Albert-Schweitzer-Schule: „Einzug steht nicht unmittelbar bevor“
Jetzt brodelt es auch in der Weststadt. Zwar steht längst fest, dass 90 Flüchtlinge in der ehemaligen Albert-Schweitzer-Schule untergebracht werden, doch einige Anwohner scheinen erst jetzt durch eine Nachbaranhörung davon erfahren zu haben. Was geplant ist und wann mit dem Einzug zu rechnen ist.
Während am Werner-Heisenberg-Gymnasium Aufregung herrscht, weil die Stadt das Schulgelände als Standort für eine Flüchtlingsunterkunft ins Auge fasst, bringt das Thema der Unterbringung von geflüchteten Menschen auch einige Anwohner in Weinheims Weststadt in Wallung. Hintergrund ist der Umbau der ehemaligen Albert-Schweitzer-Schule, in deren Nordflügel aktuell Wohnraum geschaffen wird für 90 Flüchtlinge, oder vielmehr die Informationspolitik der Stadtverwaltung.
Mit den Umbau- und Sanierungsmaßnahmen wurde im Mai 2023 begonnen. „Eine Fertigstellung der baulichen Maßnahmen im Dezember 2023 war nicht zu schaffen, das ist für Januar/Februar 2024 geplant“, äußert sich Weinheims Pressesprecher Roland Kern auf Nachfrage unserer Redaktion. Erst danach könne eine Aufnahme der geflüchteten Personen erfolgen, voraussichtlich ist das also noch im ersten Quartal.
Die WN hat darüber nach einem Vor-Ort-Termin ausführlich zuletzt im September berichtet. „Eine Berichterstattung auf der städtischen Internetseite und in den sozialen Medien erfolgte mehrfach“, schreibt die Stadtverwaltung angesichts von Reaktionen auf eine Nachbaranhörung. Die Anhörung der Nachbarschaft sei bei einer Nutzungsänderung eines öffentlichen Gebäudes gesetzliche Vorgabe, auch wenn die Baumaßnahme selbst verfahrensfrei ist und bereits begonnen wurde.
Der aktuelle Stand
Parallel zur Albert-Schweitzer-Schule wird im dreigeschossigen Pavillon III der früheren Bachschule Wohnraum für rund 45 Flüchtlinge geschaffen. Die Arbeiten sind abgeschlossen.

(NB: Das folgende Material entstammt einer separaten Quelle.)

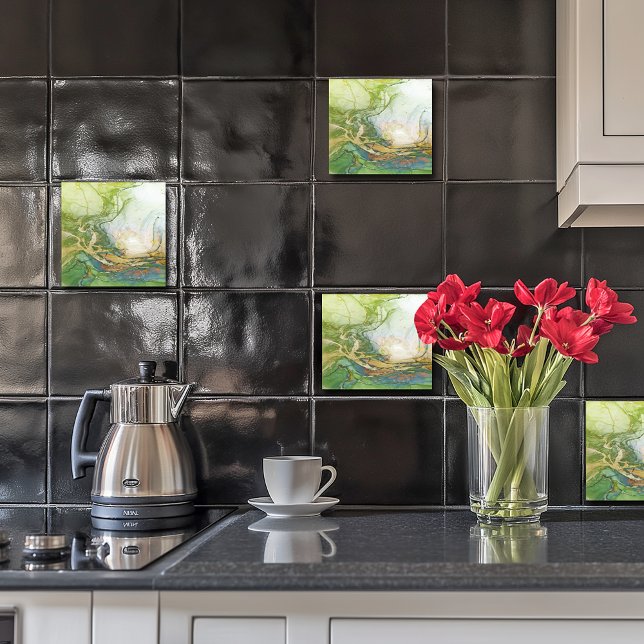 Green Gold White Marble   Tile (Creator Uploaded)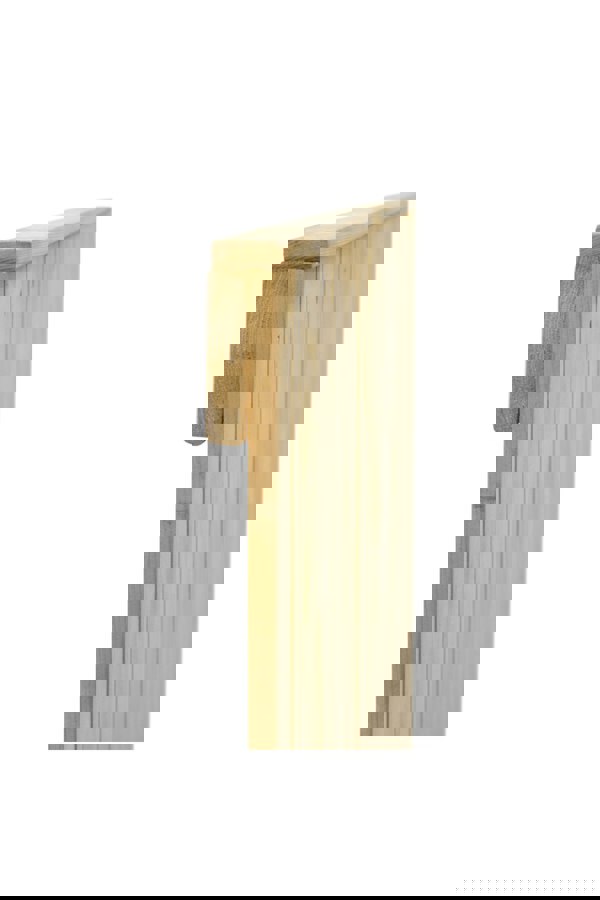 Living and Home 183x91cm Garden Pine Wood Flat Top Gate with 1pcs Latch & 3pcs 8 inch T-shaped Hinges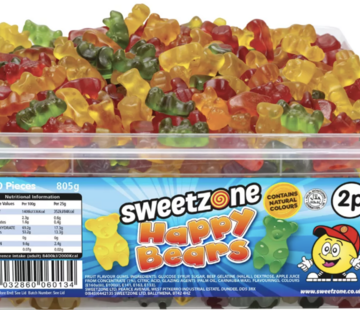 Halal Sweetzone Happy Bears -Silo 350 stuks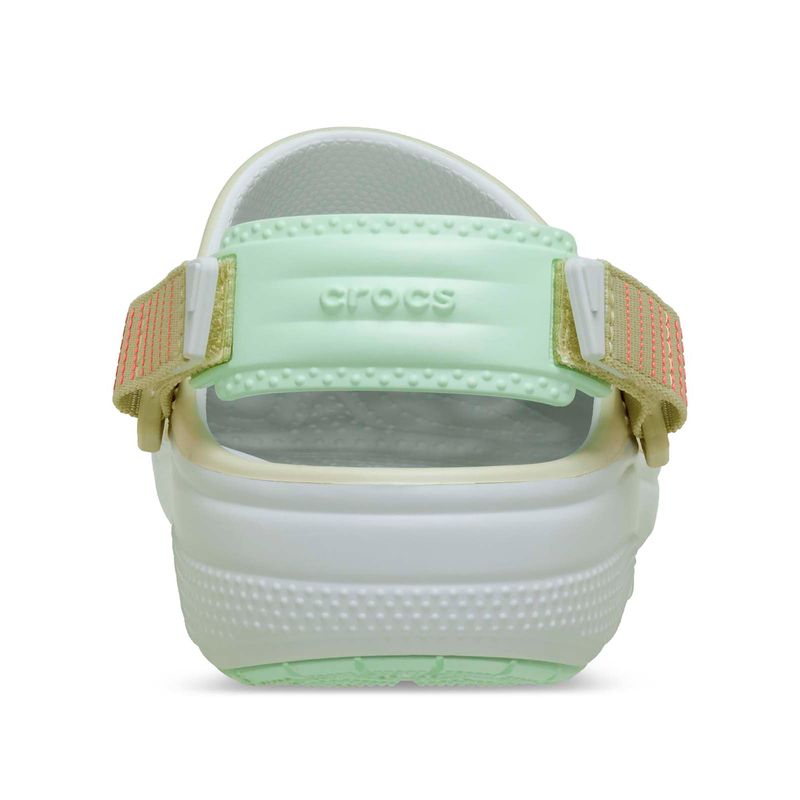 Zueco Unisex Classic Turbo Clog Blanco Crocs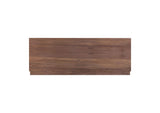 YR-1006-03-0 Round Off King Bed Walnut Brown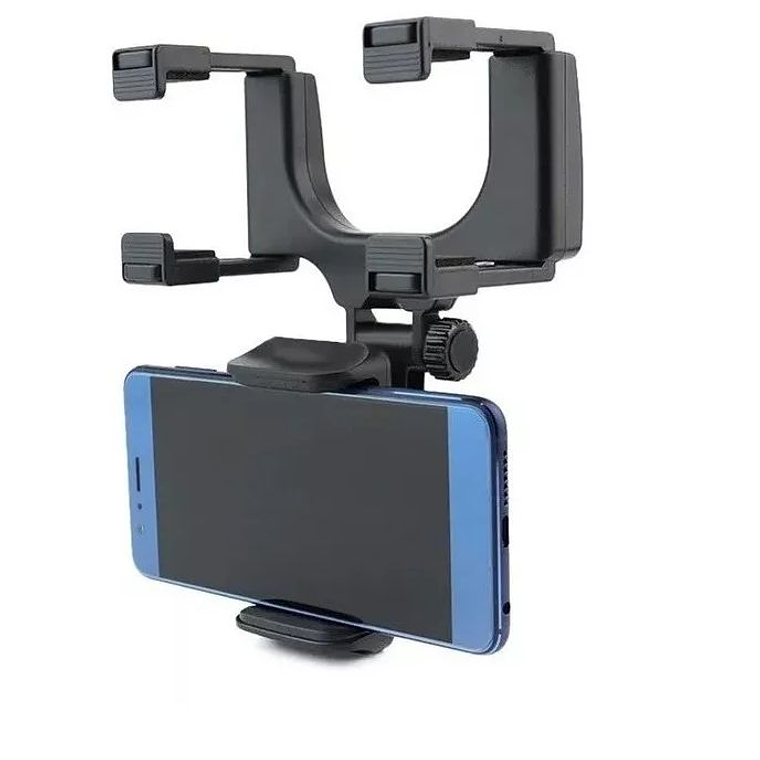 Soporte Porta Celular Para Espejo Retrovisor Universal 1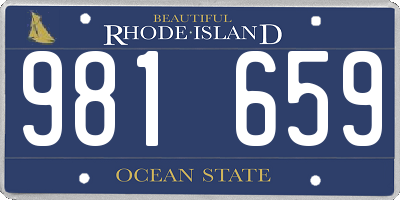 RI license plate 981659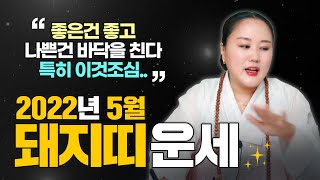 2022년 양력5월 돼지띠운세 | ✨좋은건 아주 좋고 나쁜건 바닥을 친다 특히 이것조심..    [인천용한점…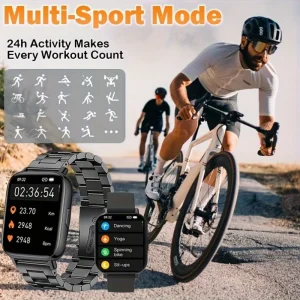 Smart Watch for Men & Women – Multi-Function Fitness Tracker with Calls, Messages & Weather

Ein Bezug erfolgt im ersten Quartal 2024.
Nach Angaben der Stadtverwaltung befinden sich aktuell 440 Personen in städtischen Unterkünften. Ausstehend – laut Quote – sind im Jahr 2023 von rund 230 noch 155 Personen. „45 können nicht aufgenommen werden, trotz der Nutzung der beiden ehemaligen Schulen“, teilt die Stadt mit.
„Die temporäre Unterbringung ist erforderlich“
„Beim Versenden des Schreibens an die Nachbarn hat unser Amt für Baurecht und Denkmalschutz angenommen, dass die künftige temporäre Nutzung mehrere Monate nach dem Beginn der Maßnahme und nach mehreren öffentlichen Beratungen und Medienberichten in der Nachbarschaft bekannt ist“, schreibt die Stadtverwaltung. Der Gemeinderat und der Internationale Ausschuss haben schon anfangs des Jahres in öffentlichen Sitzungen die Beschlüsse dazu gefasst und kommuniziert. „Die temporäre Unterbringung ist erforderlich, weil die Stadt Weinheim nur auf diesem Weg ihrer gesetzlichen und kurzfristig gebotenen Aufnahmepflicht nachkommen kann“, heißt es weiter.
Der Einzug der Flüchtlinge stehe jedoch nicht, wie einige Anwohner aus der Nachbaranhörung schließen, unmittelbar bevor. Mit dem Arbeitskreis (AK) Asyl, dem Ordnungsamt sowie dem Integrationsmanagement sei vereinbart, dass rechtzeitig vor dem Einzug der Flüchtlinge eine Info-Veranstaltung und eine Begehung im Stil eines „Tages der offenen Tür“ angeboten wird. „Wir sind sehr zuversichtlich, dass auch die Anlieger der Schweitzer-Schule die Ankömmlinge offen und gastfreundlich empfangen, wie das an den anderen Standorten in Weinheim ganz überwiegend der Fall war“, schreibt die Stadtverwaltung.